■ **What is needed**
Each line of the data below from the one holding "Des camions-remorques sortent du navire." to the one holding "Stainless steel handwashing", inclusive, is to be reproduced exactly; no other line belongs in the answer.

[Available data Boundary: Start]

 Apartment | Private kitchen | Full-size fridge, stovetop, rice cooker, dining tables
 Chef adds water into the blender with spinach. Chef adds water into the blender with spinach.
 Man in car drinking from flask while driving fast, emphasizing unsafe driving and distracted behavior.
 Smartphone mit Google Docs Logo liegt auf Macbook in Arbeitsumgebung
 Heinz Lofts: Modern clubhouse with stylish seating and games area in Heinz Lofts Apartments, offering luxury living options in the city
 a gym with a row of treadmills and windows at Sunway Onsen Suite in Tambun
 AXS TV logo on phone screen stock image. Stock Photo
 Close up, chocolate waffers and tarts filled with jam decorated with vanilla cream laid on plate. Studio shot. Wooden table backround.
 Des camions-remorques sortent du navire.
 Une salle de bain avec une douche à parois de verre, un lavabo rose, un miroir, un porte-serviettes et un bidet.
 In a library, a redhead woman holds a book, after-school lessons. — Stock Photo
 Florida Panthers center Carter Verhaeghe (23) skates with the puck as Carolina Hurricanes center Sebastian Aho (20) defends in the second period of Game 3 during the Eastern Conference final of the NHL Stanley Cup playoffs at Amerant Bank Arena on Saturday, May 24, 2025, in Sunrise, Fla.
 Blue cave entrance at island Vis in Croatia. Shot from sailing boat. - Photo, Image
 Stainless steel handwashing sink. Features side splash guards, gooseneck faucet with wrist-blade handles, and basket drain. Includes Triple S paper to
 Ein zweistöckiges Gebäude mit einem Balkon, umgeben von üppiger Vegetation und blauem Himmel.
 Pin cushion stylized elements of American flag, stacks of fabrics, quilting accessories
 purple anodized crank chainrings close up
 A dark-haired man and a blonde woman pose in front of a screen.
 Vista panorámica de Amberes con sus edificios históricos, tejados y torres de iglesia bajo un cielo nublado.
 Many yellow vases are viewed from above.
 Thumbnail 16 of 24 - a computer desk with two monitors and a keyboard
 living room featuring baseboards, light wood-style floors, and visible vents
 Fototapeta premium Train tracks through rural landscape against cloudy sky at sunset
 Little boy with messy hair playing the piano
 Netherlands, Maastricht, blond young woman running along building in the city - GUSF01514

[Available data Boundary: End]

■ **Result of the exercise**
 Des camions-remorques sortent du navire.
 Une salle de bain avec une douche à parois de verre, un lavabo rose, un miroir, un porte-serviettes et un bidet.
 In a library, a redhead woman holds a book, after-school lessons. — Stock Photo
 Florida Panthers center Carter Verhaeghe (23) skates with the puck as Carolina Hurricanes center Sebastian Aho (20) defends in the second period of Game 3 during the Eastern Conference final of the NHL Stanley Cup playoffs at Amerant Bank Arena on Saturday, May 24, 2025, in Sunrise, Fla.
 Blue cave entrance at island Vis in Croatia. Shot from sailing boat. - Photo, Image
 Stainless steel handwashing sink. Features side splash guards, gooseneck faucet with wrist-blade handles, and basket drain. Includes Triple S paper to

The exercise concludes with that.